What to do:
Starting at the line that contains "Seamless pattern egg in nest", output each line exactly as written through the end of the listing below, but leave out the pictures.

Collected material:
***

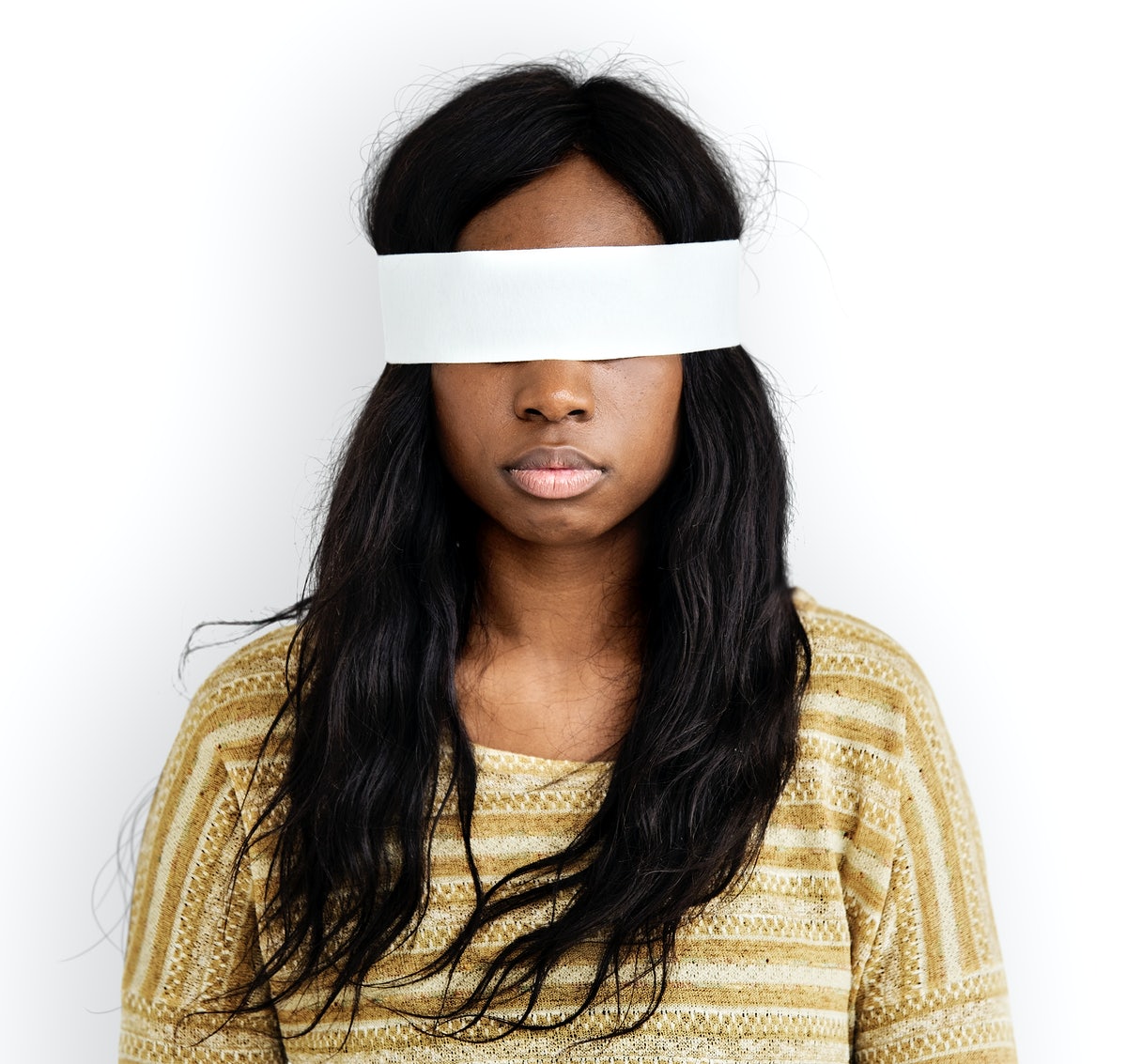 Free Woman Eye Covered Blind Forbidden Lost Concept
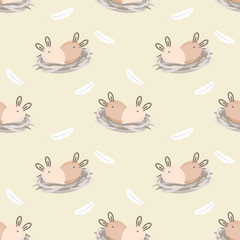 Seamless pattern egg in nest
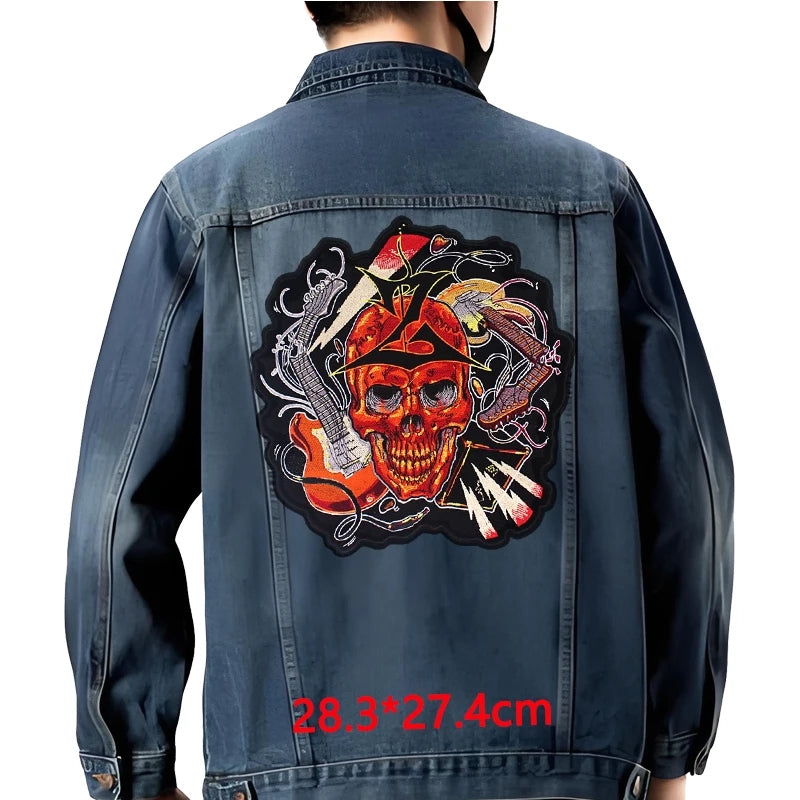 Grand écusson dorsal brodé style biker moto pour blouson - vue 45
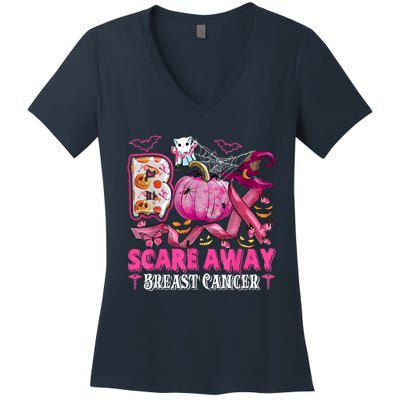 Boo Scare Away Breast Cancer Pink Ribbon Spider Halloween Women's V-Neck T-Shirt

***

Result of this exercise:
 Seamless pattern egg in nest
 Grand écusson dorsal brodé style biker moto pour blouson - vue 45
 Boo Scare Away Breast Cancer Pink Ribbon Spider Halloween Women's V-Neck T-Shirt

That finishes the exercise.